General Dynamics profit misses as pandemic weighs on aerospace unit – Reuters, 1/27/2021
- Defense contractor General Dynamics missed Wall Street estimates for quarterly profit and revenue on Wednesday, as its aerospace unit delivered fewer Gulfstream jets due to the COVID-19 pandemic.
- Sales in the company’s aerospace unit posted a 16.9% fall to $2.44 billion.
- Total revenue fell 2.7% to $10.48 billion.
- Gulfstream jet deliveries declined to 40 units from 44 a year ago.
- During the quarter, General Dynamics’ marine systems unit, which makes ships and submarines for the U.S. Navy, was awarded a $9.47 billion contract for the construction of Columbia class submarines, moving the U.S. Navy’s top procurement priority out of the early-construction phase.
- The shift to the construction phase for the first two Columbia class submarines added to General Dynamics’ backlog which sat at record-high $89.5 billion at the end of the year.
- Net earnings fell to $1 billion, or $3.49 per share, in the fourth quarter ended Dec. 31, from $1.02 billion, or $3.51 per share, a year earlier.
Abbott profit beats on strong demand for COVID-19 tests – Reuters, 1/27/2021
- Abbott Laboratories forecast profit for the current year above Wall Street estimates after brisk sales of its COVID-19 test kits helped the company double its earnings and top Wall Street estimates.
- Fourth-quarter revenue was $10.7 billion, above the average analyst estimate of $9.94 billion.
- Sales at its diagnostics business soared nearly 110% to $4.35 billion in the fourth quarter, nearly half of which came from COVID-19 tests.

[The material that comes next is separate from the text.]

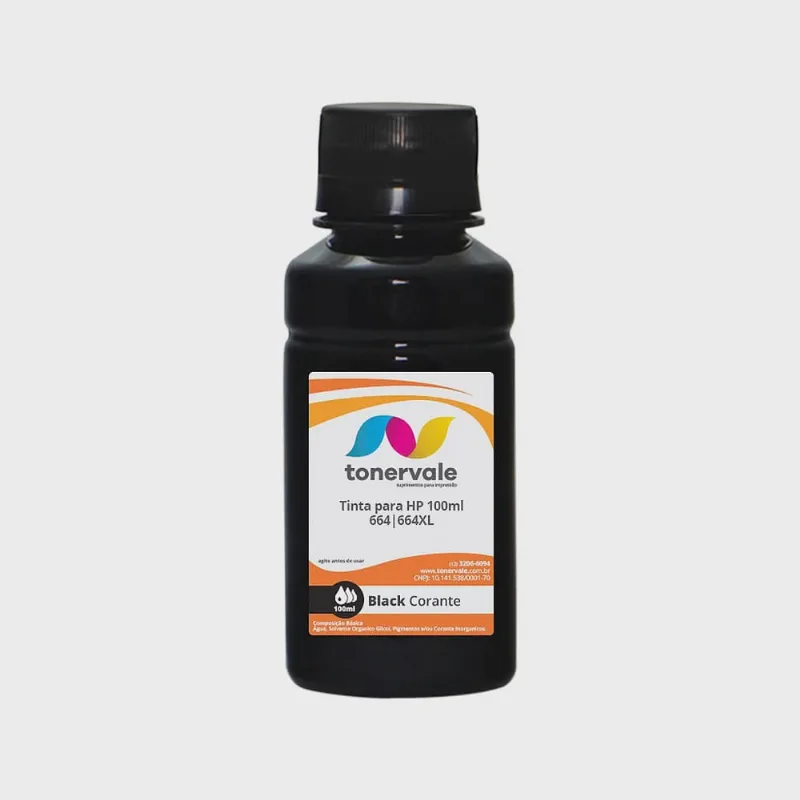 Tinta Tankfull Para hp 664 Black - Impressoras hp 3636 2136 1115 4536 4676 3776 3836 3536 Corante de 100ml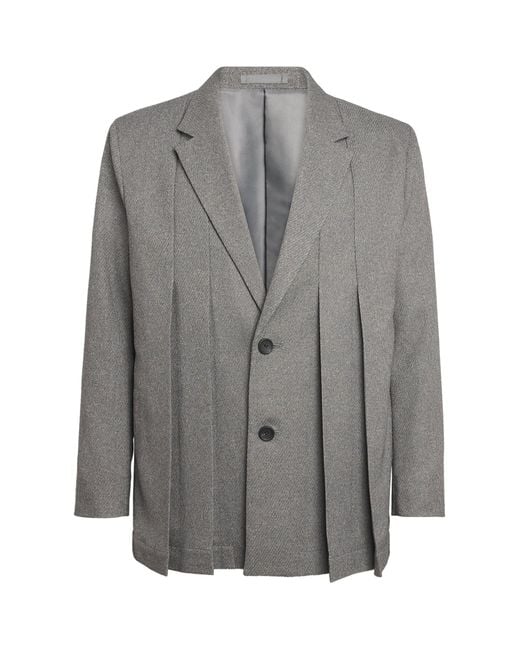 IM MEN Gray Tweed Pleated Blazer for men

- Sales at its diabetes unit rose 29% on strong demand for its glucose monitoring device, FreeStyle Libre.
- However, demand for cardiac and neuromodulation devices was weak as people deferred elective surgical procedures due to the pandemic.
- Excluding items, Abbott earned $1.45 per share, beating estimates of $1.34 per share.
- The company forecast full-year adjusted earnings of $5 per share above analysts’ estimates of $4.37, reflecting a 35% rise from the prior year.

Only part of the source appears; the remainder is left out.